(TASK INPUT)

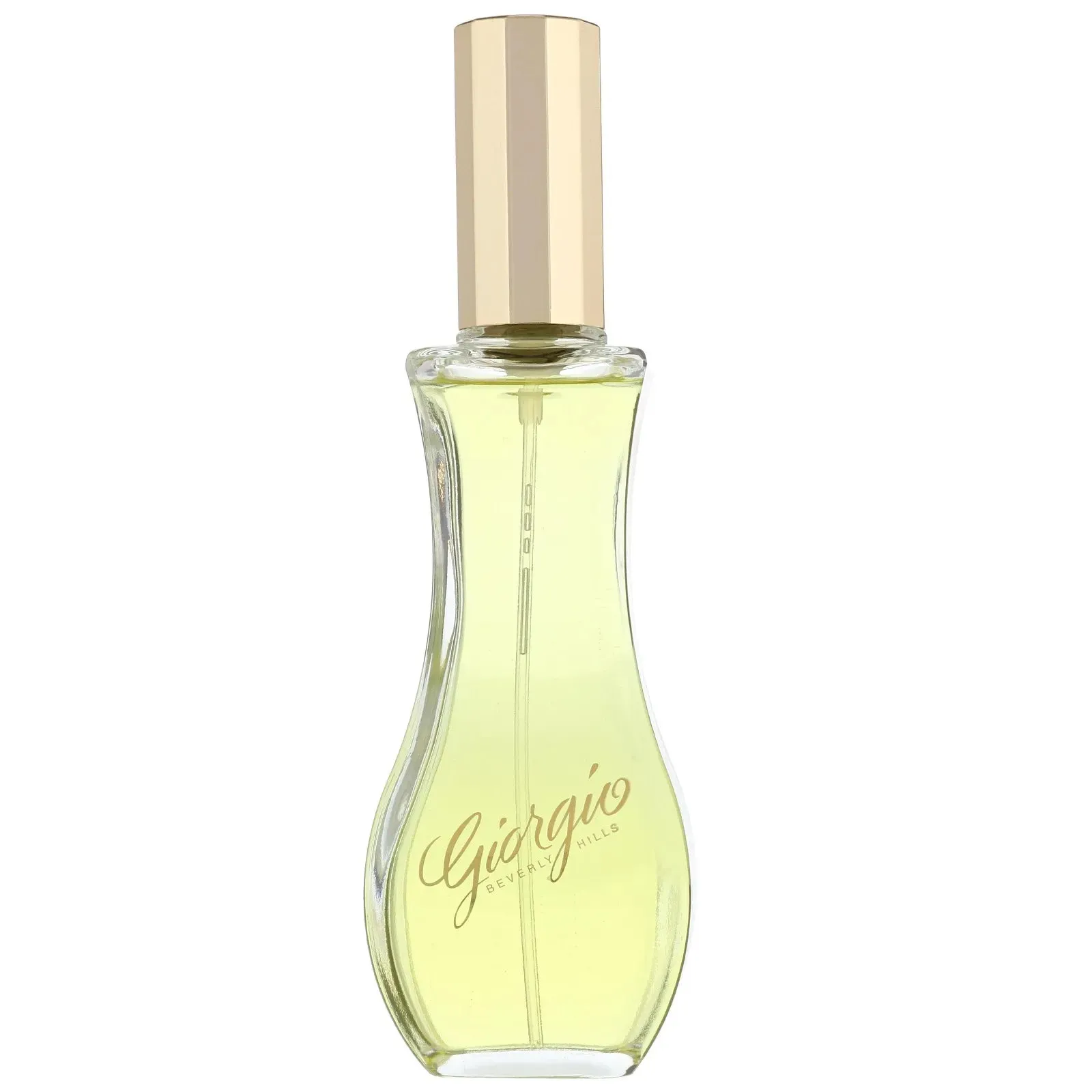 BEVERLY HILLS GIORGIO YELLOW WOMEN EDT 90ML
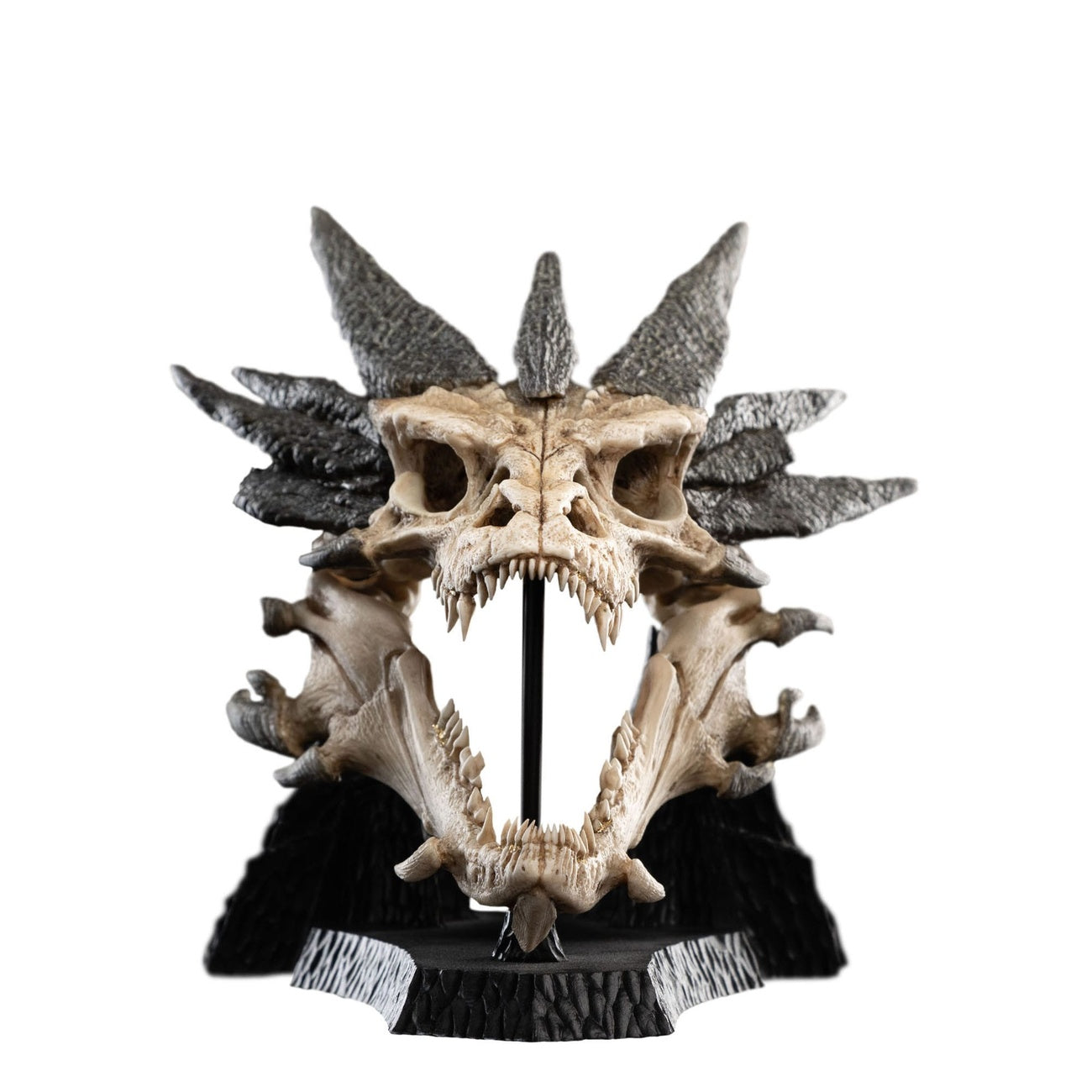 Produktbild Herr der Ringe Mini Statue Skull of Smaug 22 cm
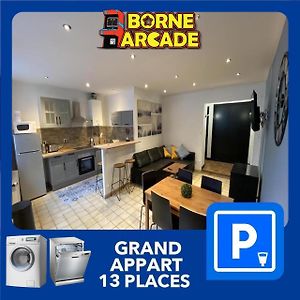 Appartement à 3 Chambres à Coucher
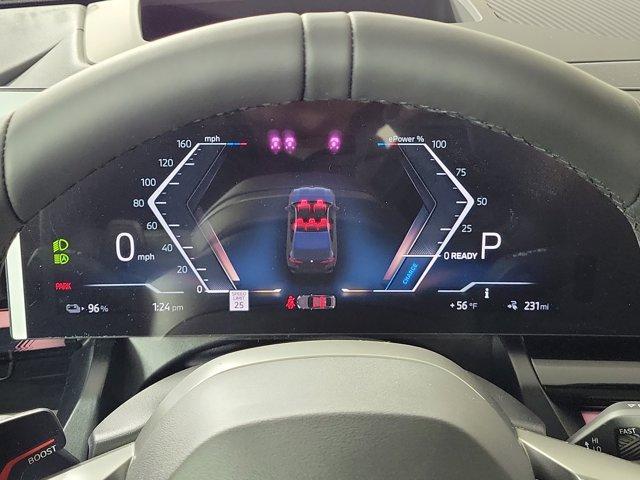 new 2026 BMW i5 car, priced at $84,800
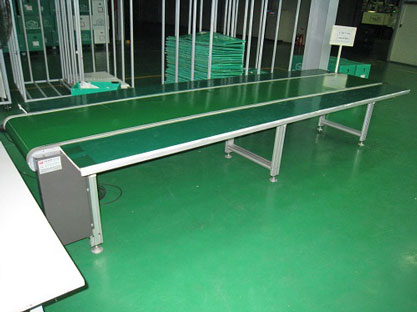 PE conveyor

(End TASK INPUT)

§ **REQUIRED WORK**:
Restating the data word for word is the task, and pictures are to be omitted.

§ **RESULT**:
 BEVERLY HILLS GIORGIO YELLOW WOMEN EDT 90ML
 Produktbild Herr der Ringe Mini Statue Skull of Smaug 22 cm
 Appartement à 3 Chambres à Coucher
 new 2026 BMW i5 car, priced at $84,800
 PE conveyor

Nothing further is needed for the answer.